Reproduce Condenser Result on MSMARCO passage ranking

texttron / tevatron

Tevatron - A flexible toolkit for neural retrieval research and development.

http://tevatron.ai

Apache License 2.0

518 stars 100 forks source link

Reproduce Condenser Result on MSMARCO passage ranking #21

Closed Albert-Ma closed 2 years ago

Albert-Ma commented 2 years ago

Hi, wonderful work on this toolkit! I really like it!

Following the README here, I use the following command to train the retriever with Condenser on 2 GPUS which results in the total batch size of 64, the same setting as in the paper:

python -m tevatron.driver.train \
  --output_dir ./output_model \
  --model_name_or_path Luyu/condenser \
  --save_steps 20000 \
  --fp16 \
  --train_dir ../marco/bert/train \
  --per_device_train_batch_size 32 \
  --learning_rate 5e-6 \
  --num_train_epochs 3 \
  --dataloader_num_workers 2

The result I got is 0.331:

##################### MRR @ 10: 0.3308558466366481 QueriesRanked: 6980 #####################

Is there any parameter I missed to set? Thanks!

luyug commented 2 years ago

A few things,

Technically we don't officially support DP with Pytorch but only DDP. You may run into undefined behaviors.
With DDP, you should have the --negatives_x_device set.
What you are currently having is effectively a batch size of 2 (gpu) x 32 (qry) x 8 (psg) = 512

Moreover, the performance is roughly the same as what we have in the Condenser paper, with BM25 negatives. You'd need a round of hard negative mining to get better performance. The best performance also would require you to replace Condenser initializer with a coCondenser initializer.

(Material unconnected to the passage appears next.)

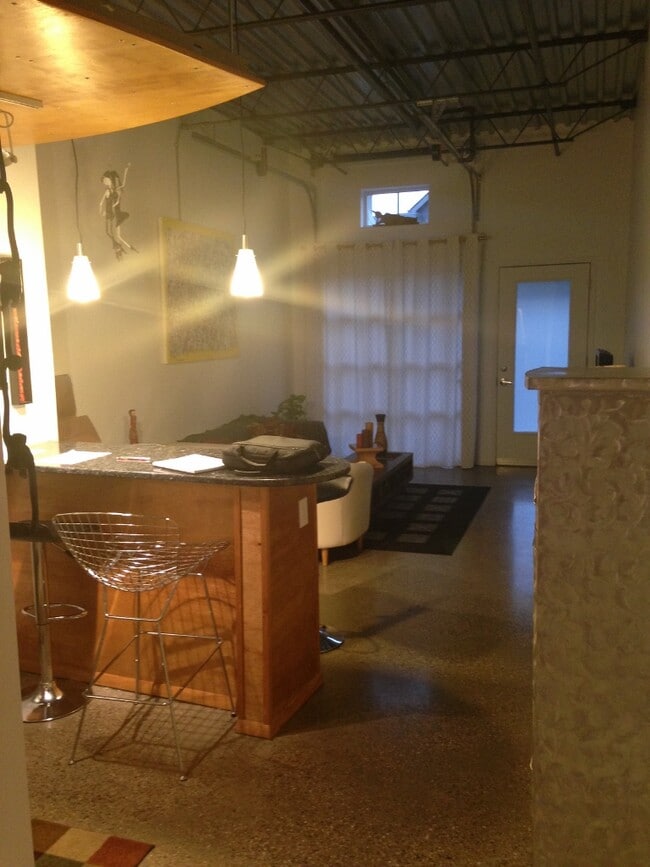 Vista de la sala de estar desde la cocina. - 163 Old Georgetown St Unidad 202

Albert-Ma commented 2 years ago

A few things,

Technically we don't officially support DP with Pytorch but only DDP. You may run into undefined behaviors.

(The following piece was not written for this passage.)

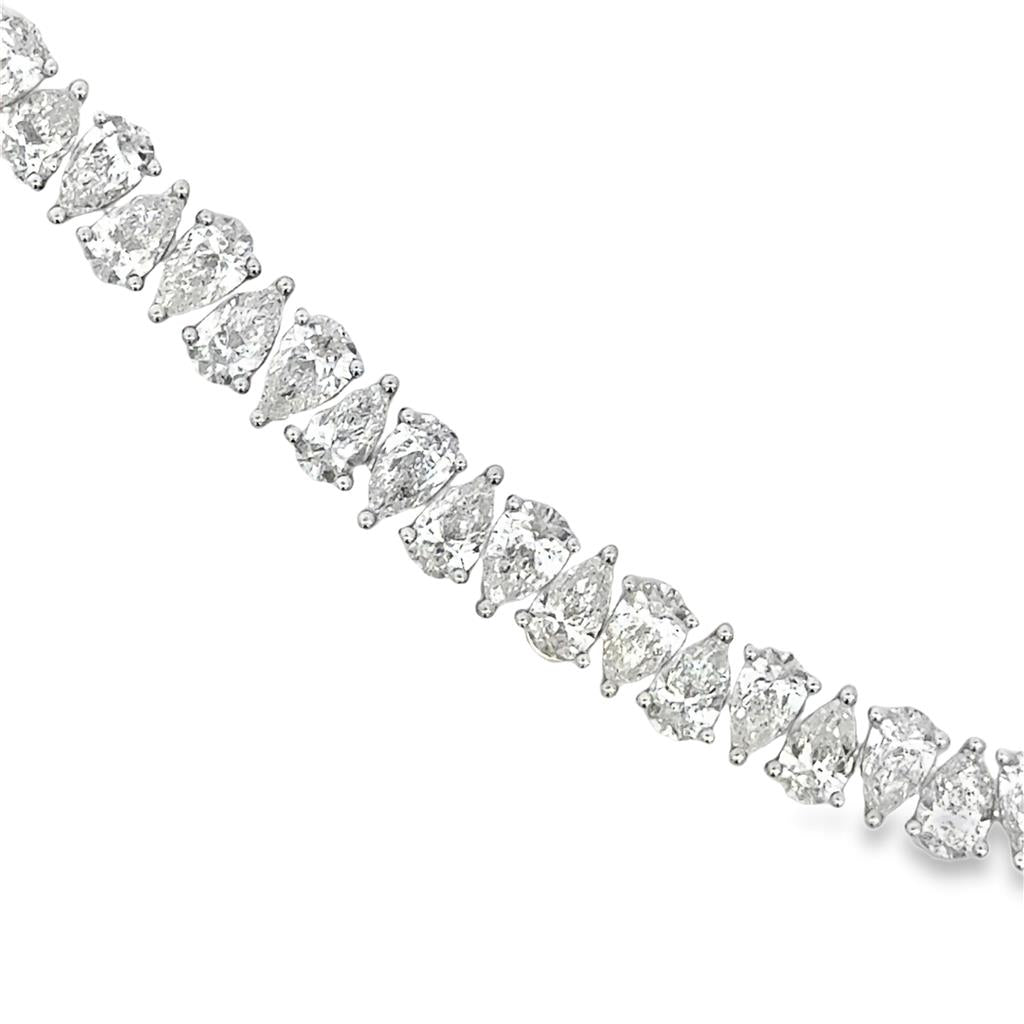 18K White Gold Pear-Shaped Diamond Tennis Bracelet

With DDP, you should have the --negatives_x_device set.

What you are currently having is effectively a batch size of 2 (gpu) x 32 (qry) x 8 (psg) = 512

Moreover, the performance is roughly the same as what we have in the Condenser paper, with BM25 negatives. You'd need a round of hard negative mining to get better performance. The best performance also would require you to replace Condenser initializer with a coCondenser initializer.

Thanks for your reply! I used DDP to run the command and forgot to set the --negatives_x_device.